Food For Thought

Food For Thought: A Dinner For Ukraine

Support Ukraine’s Fight For Independence

Masha Foya @foya_illustrations

We are partnering with Open Hand Pasta & Provisions to offer a delivered meal to your doorstep that celebrates Ukraine’s culinary heritage and raises desperately needed funds. John Wood and his team at Open Hand have researched a menu and will source the ingredients from local organic and sustainable farms and suppliers, with delivery throughout the DMV. We have chosen to donate the proceeds to Razom – an exceptional corps of volunteers that works closely with groups of Ukrainian citizens and the defense forces inside Ukraine.  A country’s cuisine is an important part of its citizens identity, and to that end  we want you to enjoy a sampling of Ukraine’s cuisine and help this brave, brave country in its hour of need. Our  images for this special post are from a collaborative of Ukrainian artists and are available for sharing through www.supportukraine-pic.com. A commemorative menu will be included with your delivery. Each is a generous meal for one recipient, and in my experience Open Hand’s single portions practically feed two. The cost of this delivered Ukrainian menu is $80.00 per person, with 50%  going to Razom and the rest covering ingredients, prep, and delivery. Click here to order your meal, and share this link with your friends. 

 

Open Hand Menu to be delivered April 21, 2022 to residents in the DMV

Halushky  – Light Cheese Dumplings with Roasted Mushrooms
 Dumplings, similar to gnocchi, are made with soft cheese and
served with Roasted Mushrooms and Black Truffles.  It all comes together
with a little madeira, brown butter, and lemon zest.
 
Kapusnyak – Cabbage Soup with Chicken Broth rich with Vegetables
 A cabbage soup with a hearty chicken broth base.  Ours is
loaded with local market veggies from farms like Tanglewood, Full
Circle, and Barajas.
 
Chicken Kyiv with Roasted Potatoes, Green Beans and Lemon Butter
Liberty Delight Farm Chicken Breast, stuffed with a Lemon
Herb Butter and Breaded, ready to be finished in the oven with Roasted
Potatoes and Green Beans.
 
Khrustyky – Fried Cookies dusted with powdered sugar and a honey drizzle.
 These are simple and delicious, and the honey comes from some
friends of ours in VA.
 

Make a Donation/Secure Your Delivery

(Donations without meal & delivery can be made for those outside the DMV but still wishing to give)

Razom=Together

Ukrainian medical team trying to save a child’s life.

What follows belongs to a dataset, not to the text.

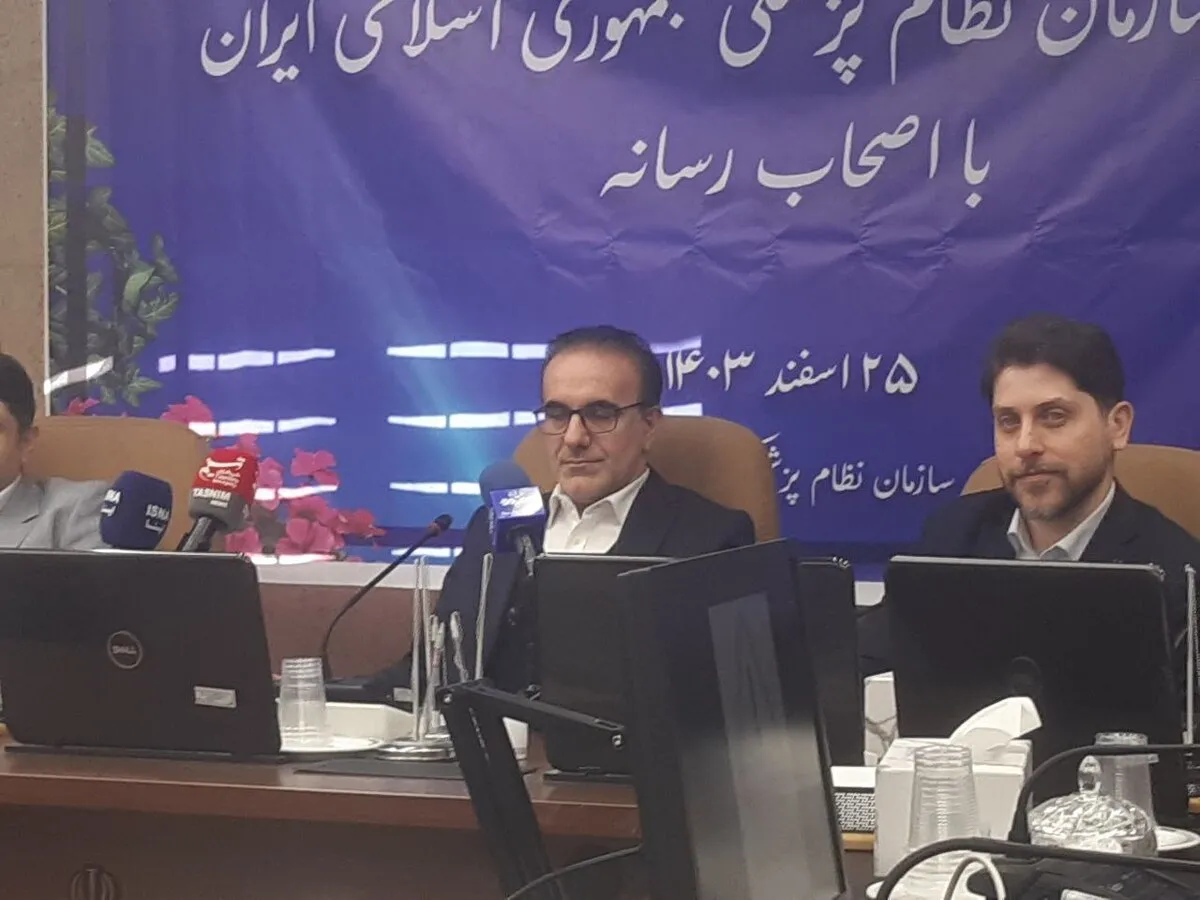 مردم و پزشکان نمی‌توانند ناتوانی بیمه‌ها را به دوش بکشند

This is a mighty group that you may not have read about. It was founded in 2014 as a result of the bloody and chaotic but ultimately successsful Maidan protests in Ukraine. In fact, one of Razom’s earliest projects was to deliver clothing, food, and protective gear to the protesters in the Maidan throughout the winter of 2014. Its 80-page legal report on the legal and human rights issues from the illegal annexation of Crimea is on numerous top law school reading lists.  In order to help families in Ukraine who have lost fathers in the face of the ongoing Donbas War, this group helps fund Lviv Education Foundation’s Big Brother program, which offers mentorship to kids whose families have been affected by the war in eastern Ukraine. Razom has initiated numerous IT symposiums and internships which help a very ambitious generation of Ukrainian citizens advance in the global tech sector. In 2017 their Co-Pilot Project funded medical equipment and a team of  US neurosurgeons  to Ukraine, where they conducted 40 major brain and spine operations across the country. Obviously now Razom is focused on the extremely difficult task of delivering medical and technical supplies to areas where the fight for independence is most critical.  This is where your donation for the Open Hand Ukrainian Dinner will help. Below is a brief description of how complex the delivery of medical and tech supplies is inside Ukraine.

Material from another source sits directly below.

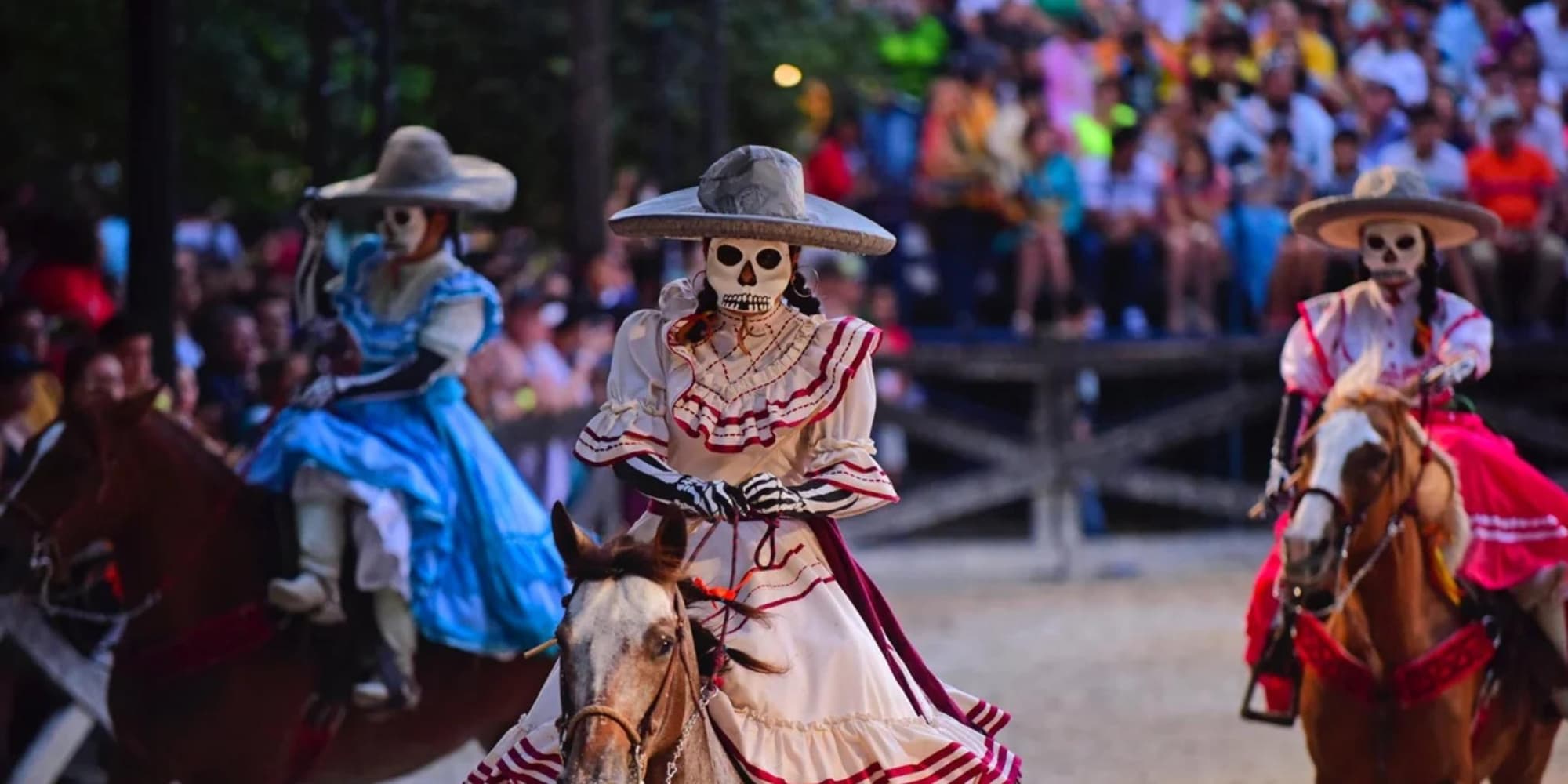 Tour Xcaret y Festival de Vida y Muerte.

Razom medical supplies arrive safely in Ukraine

Aid is packed into small vehicles allowing volunteer drivers to maneuver more nimbly. Coordination with civilian defense corps (the ultimate volunteer network in Ukraine today) via satellite phones, which offer the most reliable form of communication, strengthen our logistics chain on the ground in Ukraine. There’s also a verbal verification system in place that ensures volunteers know they’re putting the delivery in safe hands. When available, small civilian drones are another important tool for our volunteers to scope out safe passage routes and share valuable information in real time. These tech-enabled emergency response supplies have made a big impact on our volunteers’ ability to work effectively in executing the logistics chain in Ukraine. We are enormously grateful for the brave and trusted group of people who carry out this work.  

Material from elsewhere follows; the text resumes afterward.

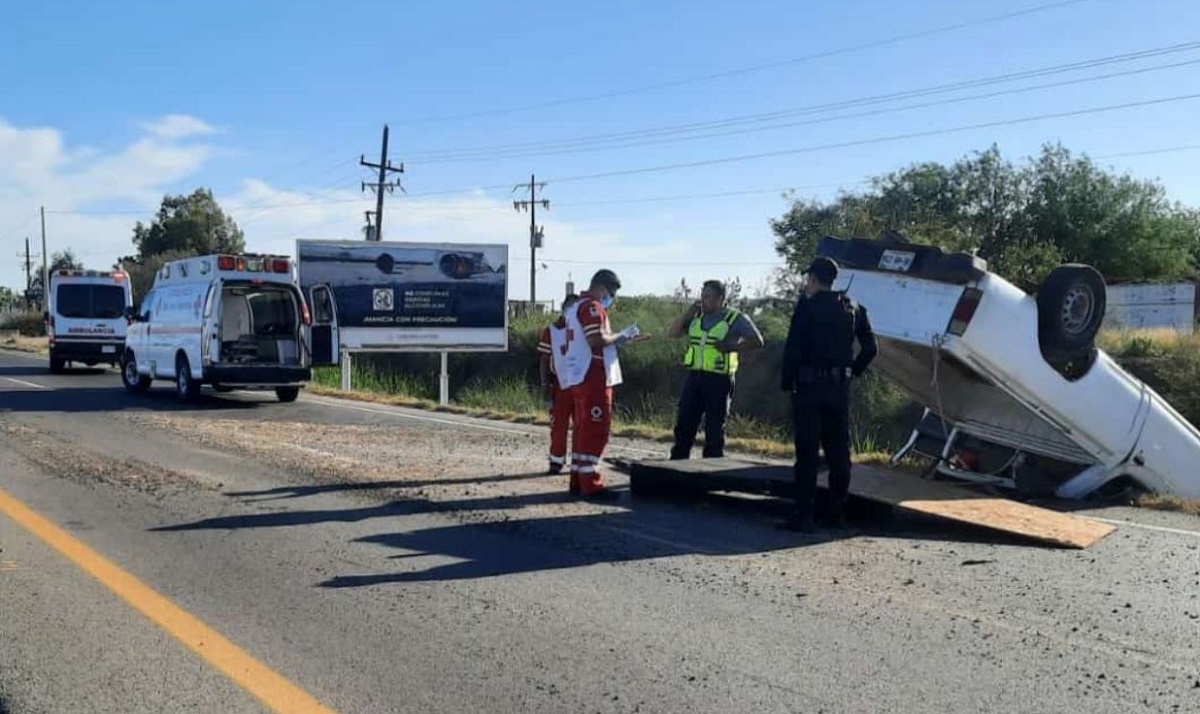 Hombre se lesiona en volcadura en el Valle del Carrizo y rechaza ser llevado a un hospital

— Razom Fact Sheet on their logistics program for delivering aid in Ukraine.

 

Holodomor

Ukrainian children starving to death during Holodomor

This is not the first or even the second time that Ukraine has suffered horrific devastation at Russian hands. Most of us are familiar with the illegal annexation of Crimea, which had complicit help from the Russian puppet regime in 2014. And it is still considered part of Ukraine internationally. But the one that many of us don’t know about is the genocide of around  seven to eleven million Ukrainians between 1928 and 1933. Ukraine was a “socialist republic” in name only, as its government was controlled by the Kremlin. The collectivization of independent farms was initiated by the Russian government in 1928 under Stalin, who, with his cronies, dreamed up infamous Five Year Plans to reorganize agriculture and industries across the USSR.  Heavy industries that involved the production and accumulation of coal, steel, iron and oil were prioritized. Railways were built, steel mills erected and new sources for coal and oil were developed at great cost to the surrounding communities. As the population of industrial workers became enormous (many of them farmers who were forced off their land to work in these new industries) and had to be fed, Stalin appropriated by force farmlands where the remaining farming population would have to turn over most of their harvest to Stalin’s government, leaving them with almost nothing to eat. Thousands of protests occurred, many in the rich agricultural areas of the Ukraine. Thousands were imprisoned in gulags, dispossessed of their farms and and millions were exterminated by starvation. In the Ukraine, Stalin’s revenge was particularly brutal. Desperate families were forced to dig up roots with their bare hands to try to feed themselves. 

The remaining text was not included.